Sources and Resources: Learning About Levittown

To start: only a very few books are currently available that do justice to Levittown. Most of the most interesting and valuable are long out of print. Luckily, libraries and online used book sources keep lively the circulation of those books.

A straightforward, interesting, well-researched history of Levittown, Long Island has yet to be written. There are children's books, puff books, short texts, nostalgic reminiscences, and colorized mock photo-albums, but to get a basic set of facts and ideas, one must start with an archived collection of newspaper articles: Newsday's series from the 50th anniversary of Levittown, originally run in 1947. The newspaper has preserved most of the series as a set of web pages.

The prestigious scholars of the American built environment have included Levittown in brief passages of larger works. One might start with the broadest of these, Gwendolyn Wright's admirable and still-relevant Building the Dream: A Social History of Housing in America (Cambridge, MA: MIT Press, 1983). Dolores Hayden's Building Suburbia: Green Fields and Urban Growth, 1820-2000 (New York: Vintage Books, 2003) is more recent and more sharply polemical. Much more exhaustive, more centrally focused on Levittown (both authors teach at SUNY Old Westbury, just eight miles from the center of Levittown), more interrogatory and engaging, is Rosalyn Baxandall and Elizabeth Ewen's Picture Windows: How the Suburbs Happened (New York: Basic Books, 2000). This is about as close as one can get to a full scale study of the community, set within a survey of other communities like it, and within the context of social and cultural change in postwar America.

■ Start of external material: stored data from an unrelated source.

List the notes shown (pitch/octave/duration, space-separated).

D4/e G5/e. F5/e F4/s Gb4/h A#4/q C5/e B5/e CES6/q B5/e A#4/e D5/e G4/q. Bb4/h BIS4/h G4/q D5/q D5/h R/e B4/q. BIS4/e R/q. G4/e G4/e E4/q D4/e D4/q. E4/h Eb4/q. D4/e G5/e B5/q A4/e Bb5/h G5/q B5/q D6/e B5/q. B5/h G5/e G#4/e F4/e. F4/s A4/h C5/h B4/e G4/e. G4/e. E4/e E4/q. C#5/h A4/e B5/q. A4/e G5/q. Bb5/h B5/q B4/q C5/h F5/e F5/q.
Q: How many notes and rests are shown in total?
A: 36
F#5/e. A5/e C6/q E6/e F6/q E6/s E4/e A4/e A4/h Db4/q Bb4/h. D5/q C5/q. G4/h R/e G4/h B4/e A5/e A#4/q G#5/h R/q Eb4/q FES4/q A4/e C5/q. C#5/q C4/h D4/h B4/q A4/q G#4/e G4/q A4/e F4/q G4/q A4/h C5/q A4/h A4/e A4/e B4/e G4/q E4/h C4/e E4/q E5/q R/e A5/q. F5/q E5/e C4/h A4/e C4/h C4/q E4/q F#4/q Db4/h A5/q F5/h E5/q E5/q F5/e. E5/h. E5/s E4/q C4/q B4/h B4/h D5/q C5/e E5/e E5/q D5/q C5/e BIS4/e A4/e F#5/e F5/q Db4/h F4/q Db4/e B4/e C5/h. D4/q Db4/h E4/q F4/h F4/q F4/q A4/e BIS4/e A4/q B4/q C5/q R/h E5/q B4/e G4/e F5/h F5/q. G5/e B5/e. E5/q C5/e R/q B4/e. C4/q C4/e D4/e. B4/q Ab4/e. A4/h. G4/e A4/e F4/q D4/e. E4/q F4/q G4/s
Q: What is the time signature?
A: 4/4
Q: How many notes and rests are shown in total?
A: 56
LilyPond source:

Move to Barbara M. Kelly's Expanding the American Dream: Building and Rebuilding Levittown (Albany: State University of New York Press, 1993). It is not a straightforward history of Levittown, but it is perhaps the most thoughtful work done to date on the subject, with a particular focus on the ways residents actually used the houses.

After that, the serious investigator moves into the land of university libraries and public archives, an adventure well worth the effort. The first place to start is with John Liell's influential, though never-published, Ph.D. dissertation from Yale, dating back to 1952: Levittown: A Study in Community Development. Liell did extensive house-to-house surveying, and the results are significant. Harry Henderson's essay, "The Mass Produced Suburbs," Harper's, November 1953, is particularly valuable, as Henderson spoke from his own experience and that of his neighbors.

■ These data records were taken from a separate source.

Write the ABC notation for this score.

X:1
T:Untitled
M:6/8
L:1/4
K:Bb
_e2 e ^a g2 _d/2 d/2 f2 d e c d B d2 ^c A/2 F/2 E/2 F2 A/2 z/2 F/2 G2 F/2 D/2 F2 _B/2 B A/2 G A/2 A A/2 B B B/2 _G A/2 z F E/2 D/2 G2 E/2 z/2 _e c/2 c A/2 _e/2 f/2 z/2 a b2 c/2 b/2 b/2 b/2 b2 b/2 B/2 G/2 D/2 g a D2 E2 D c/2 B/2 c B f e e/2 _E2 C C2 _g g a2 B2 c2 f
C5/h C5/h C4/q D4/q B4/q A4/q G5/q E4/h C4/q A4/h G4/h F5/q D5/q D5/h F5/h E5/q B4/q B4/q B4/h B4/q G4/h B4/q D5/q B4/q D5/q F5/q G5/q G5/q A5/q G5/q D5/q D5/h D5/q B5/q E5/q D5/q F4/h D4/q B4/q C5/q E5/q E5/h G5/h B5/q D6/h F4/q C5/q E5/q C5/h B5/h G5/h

The primary source materials for Levittown are dispersed and often difficult to find. In my early research (in the early '90s), I went through the files in the Levittown History Room of the Levittown Public Library, which had back issues of the Levittown Eagle and other files. In the late '90s, the Levittown Historical Society moved to a new home within the sprawling Levittown Memorial Educational Center at 150 Abbey Lane in Levittown. There the Society has created a rough-and-ready living history museum with replicas of rooms in the "typical" Levittown house, among other features.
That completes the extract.